Exercise brief:
Keep every word of the entries and print them exactly; the pictures stay out.

Provided records START

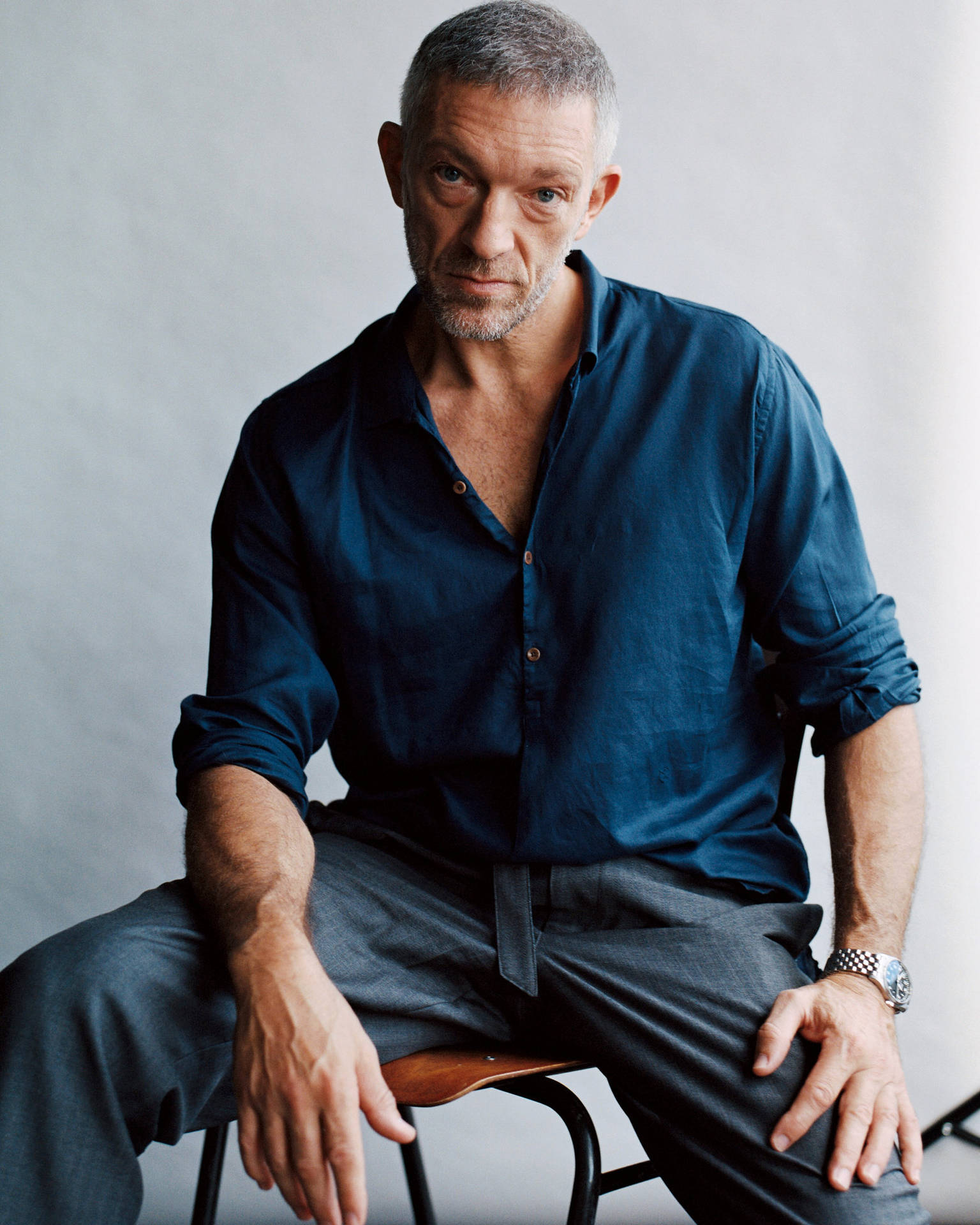 Renowned Actor Vincent Cassel Contemplatively Sitting on a Chair Wallpaper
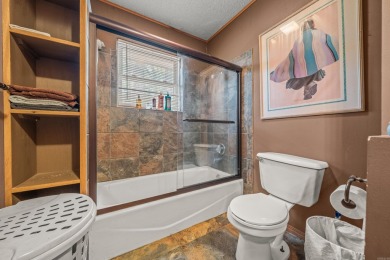 Nestled in a peaceful, wooded setting of Diamondhead Golf & on Diamondhead Golf and Country Club in Arkansas - for sale on GolfHomes.com, golf home, golf lot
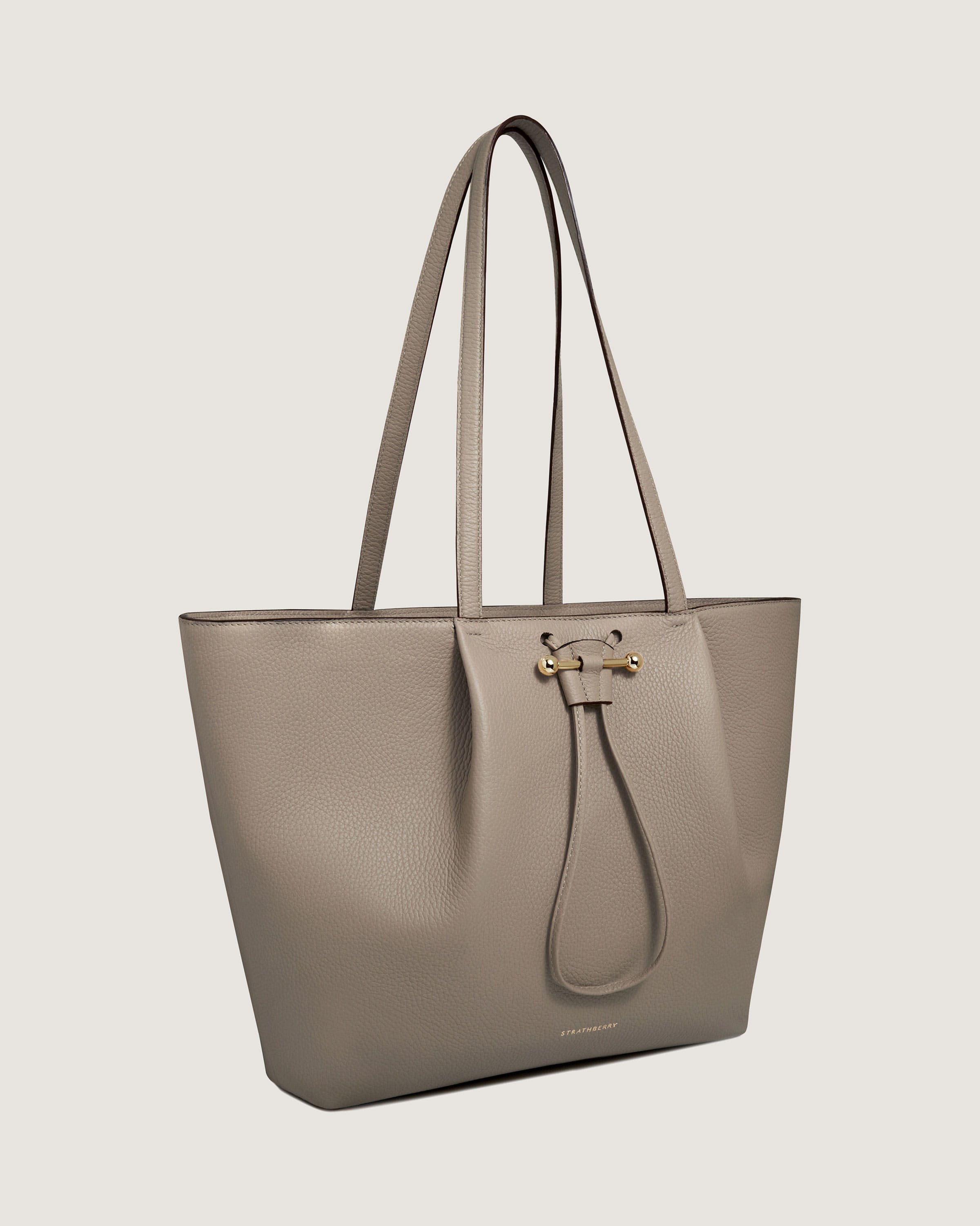 A grey leather tote bag on a white background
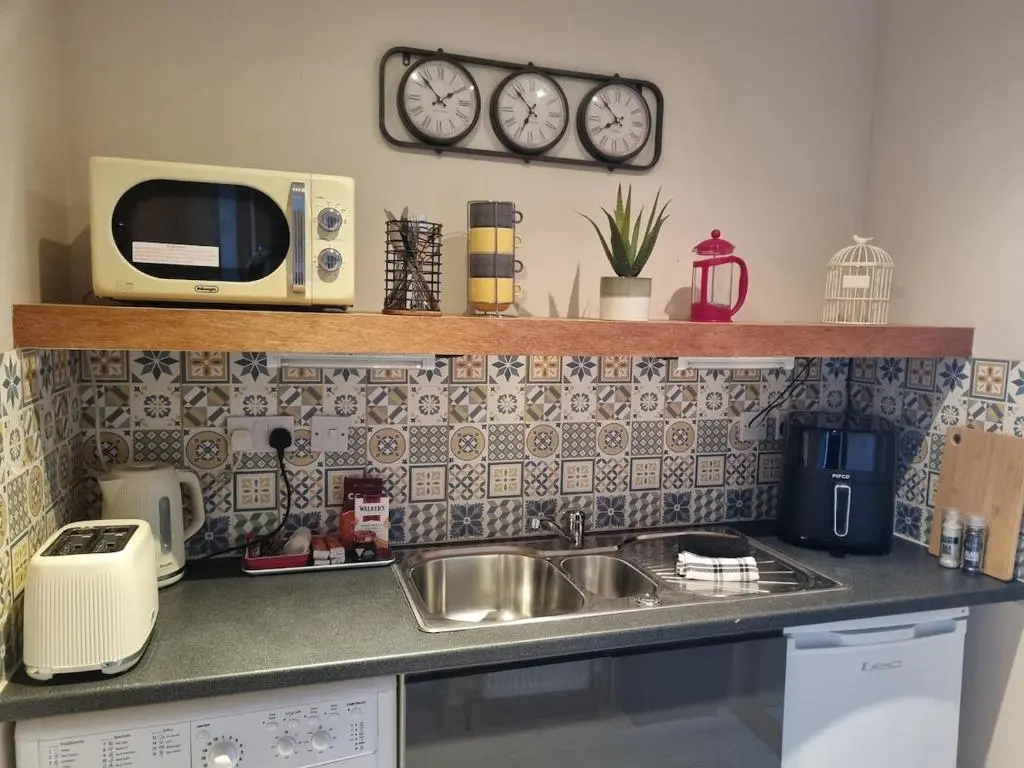 a kitchen counter with a sink and a microwave at Village view apartment in Auldearn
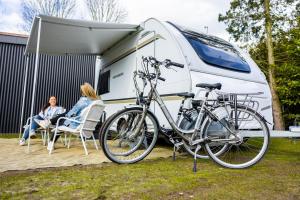 una bicicleta estacionada frente a una caravana en TOP Spa 2+2 en Voorthuizen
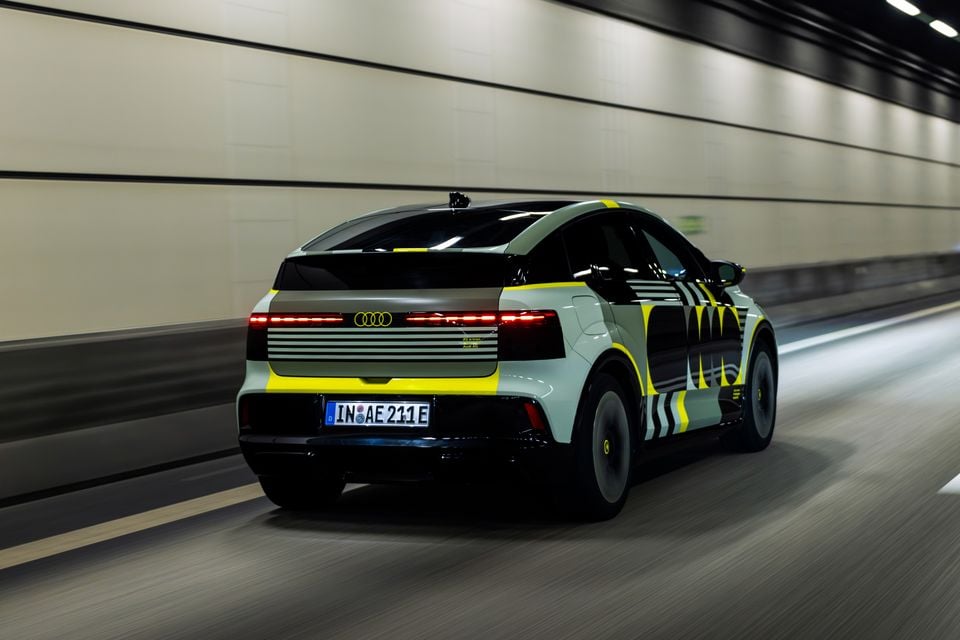 An Audi A2 e-tron prototype with yellow and black camouflage wrap driving through a tunnel, seen from the rear three-quarter angle.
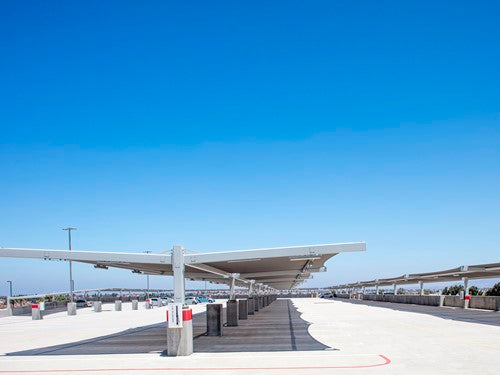 Modern cantilever double slanted fabric shade canopy with two supporting columns over parking area under clear sky
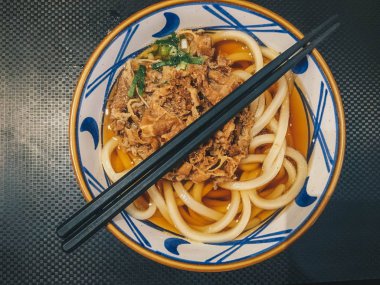 Biraz etli Japon yemeğinin Udon eriştesi. Siyah arka plan üzerinde izole masada bir kase yakın çekim. yukarıdan yatay üst görünüm 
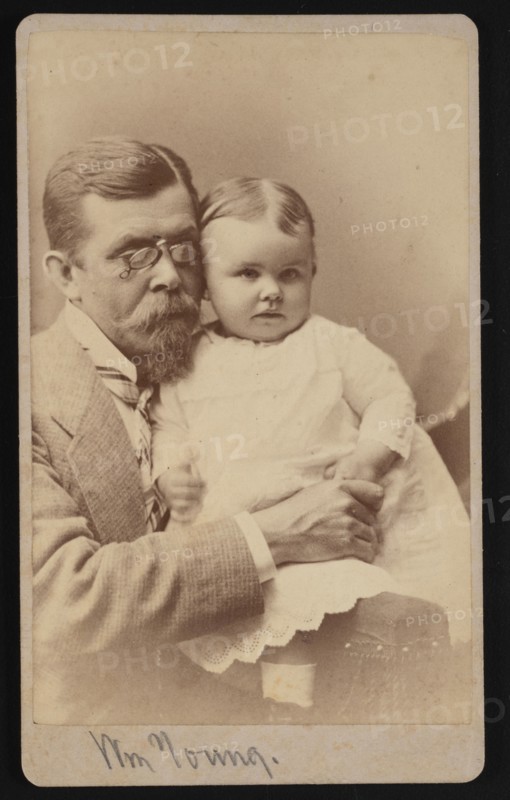 Portrait of William Young and Child, 1879. Creator: Samuel Montague Fassett.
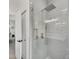 Modern bathroom shower with subway tile and sleek fixtures, and a glass enclosure at 15610 Staunton Cir, Port Charlotte, FL 33981
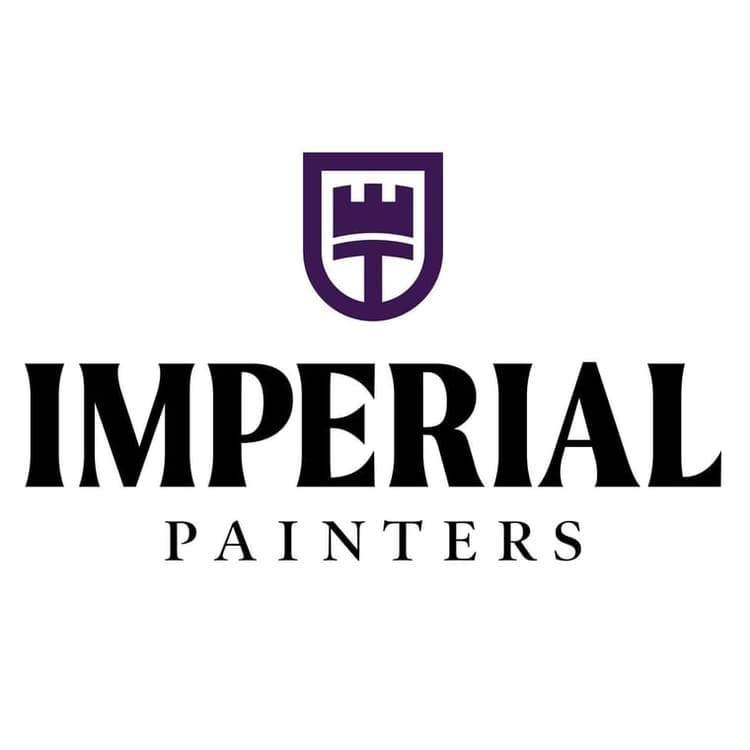 This is an image from Imperial Painters Company, located in Denver, CO The image is a Imperial Painters logo featuring a purple shield with a castle tower emblem above bold black text reading Imperial Painters, professional painting company. 
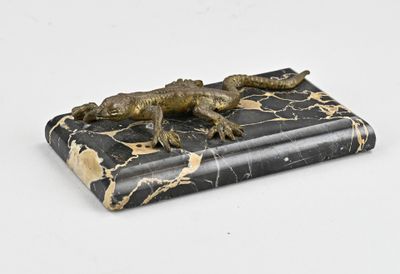 a statue of a lizard that is laying on top of a book
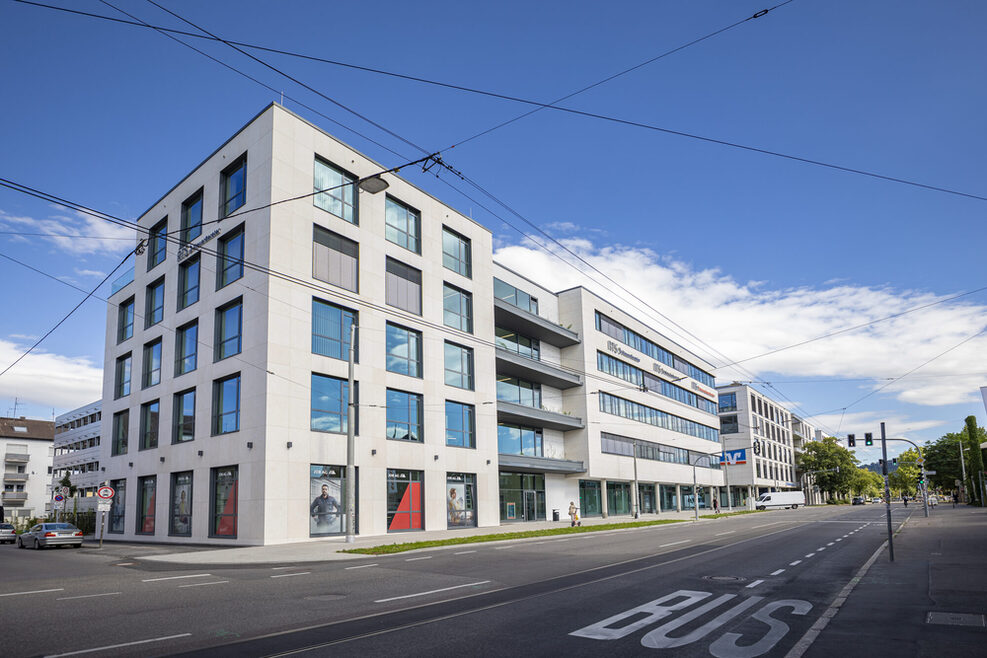 Weiße Neubauten an einer Straße.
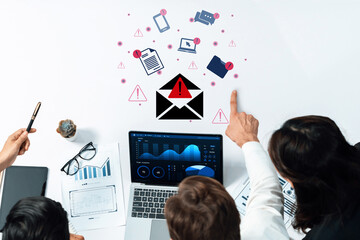 A group of professionals analyzing data on a laptop, surrounded by digital alerts and devices, showcasing teamwork and modern communication in a business setting. Gantry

Provided records END

Response to the task:
 Renowned Actor Vincent Cassel Contemplatively Sitting on a Chair Wallpaper
 Nestled in a peaceful, wooded setting of Diamondhead Golf & on Diamondhead Golf and Country Club in Arkansas - for sale on GolfHomes.com, golf home, golf lot
 A grey leather tote bag on a white background
 a kitchen counter with a sink and a microwave at Village view apartment in Auldearn
 una bicicleta estacionada frente a una caravana en TOP Spa 2+2 en Voorthuizen
 An Audi A2 e-tron prototype with yellow and black camouflage wrap driving through a tunnel, seen from the rear three-quarter angle.
 Modern cantilever double slanted fabric shade canopy with two supporting columns over parking area under clear sky
 Biraz etli Japon yemeğinin Udon eriştesi. Siyah arka plan üzerinde izole masada bir kase yakın çekim. yukarıdan yatay üst görünüm 
 Portrait of William Young and Child, 1879. Creator: Samuel Montague Fassett.
 Modern bathroom shower with subway tile and sleek fixtures, and a glass enclosure at 15610 Staunton Cir, Port Charlotte, FL 33981
 This is an image from Imperial Painters Company, located in Denver, CO The image is a Imperial Painters logo featuring a purple shield with a castle tower emblem above bold black text reading Imperial Painters, professional painting company. 
 a statue of a lizard that is laying on top of a book
 Weiße Neubauten an einer Straße.
 A group of professionals analyzing data on a laptop, surrounded by digital alerts and devices, showcasing teamwork and modern communication in a business setting. Gantry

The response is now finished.